NEW YORK, August 6 (IslamOnline & News Agencies) - U.S. President George W. Bush’s aides pondered a plan to attack Al-Qaeda prepared under former president Bill Clinton, but did not act until after the September 11 attacks.

The plan, developed in the last days of the Clinton administration, was passed along to the Bush administration in January 2001 by Sandy Berger, Clinton's national security adviser, and Richard Clarke, a career bureaucrat who had served in the first Bush administration and risen during the Clinton years to become the White House's point man on terrorism, according to the Monday, August 5, issue of Time magazine. 

The plan had been approved by heads of intelligence, but Berger and others did not feel it was appropriate to launch a war with just a month to go in the Clinton administration, the magazine reports. 

“We would be handing [the Bush administration] a war when they took office on January 20,” the magazine quoted a senior Clinton aide. 

“That wasn’t going to happen.” 

“If we hadn’t had a transition,” a senior official in the Clinton administration told the magazine, “probably in late October or early November 2000, we would have had [the plan to go on the offensive] as a presidential directive.” 

Instead, incoming National Security Adviser Condoleezza Rice would have to make the call, Time said. 

“The plan became a victim of the transition process, turf wars and time spent on the pet policies of new top officials,” according to Time. 

Time said Clinton was furious over the lack of information on Osama bin Laden, who had already launched attacks against U.S. targets. 

Clinton scribbled on one memo: “We’ve got to do better than this,” and “This is unsatisfactory,” Time reported. Bin Laden is the leader of Al-Qaeda, believed to have launched the September 11 attacks on the World Trade Center and the Pentagon that killed more than 3,000. 

Bush officials, however, denied that it was handed a formal plan by the Clinton administration, Time said. 
“This idea that there was somehow a kind of - some sort of full-blown plan for going after Al-Qaeda is just incorrect,” said a senior Bush administration official that did not want to be identified to CNN. 

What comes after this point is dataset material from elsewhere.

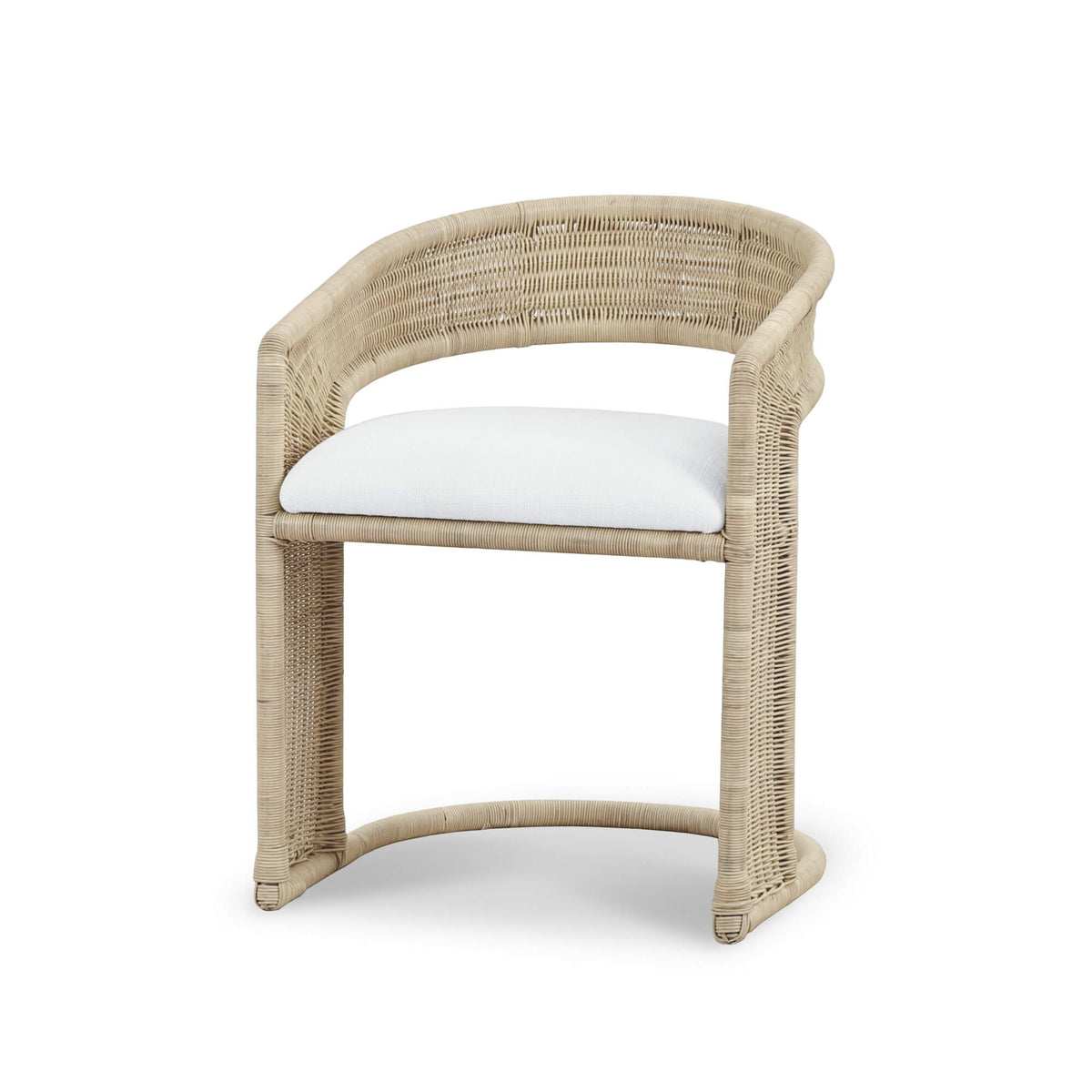 Hampton Dining Chair in Rattan Natural w/ Arctic White Performance Fabric Cushion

One Bush official said Clarke’s materials were more general in nature, suggesting a “contained rolling back of Al-Qaeda” over a period of three to five years, while Rice told Time through a spokeswoman that she recalled no briefing that Berger attended. 

CNN reports the president’s top advisers received the plan August 14, 2001, and approved it September 4, the official said. On September 11, the proposal was on Rice’s desk, waiting to go to Bush for his final approval, which the Bush team disclosed months ago.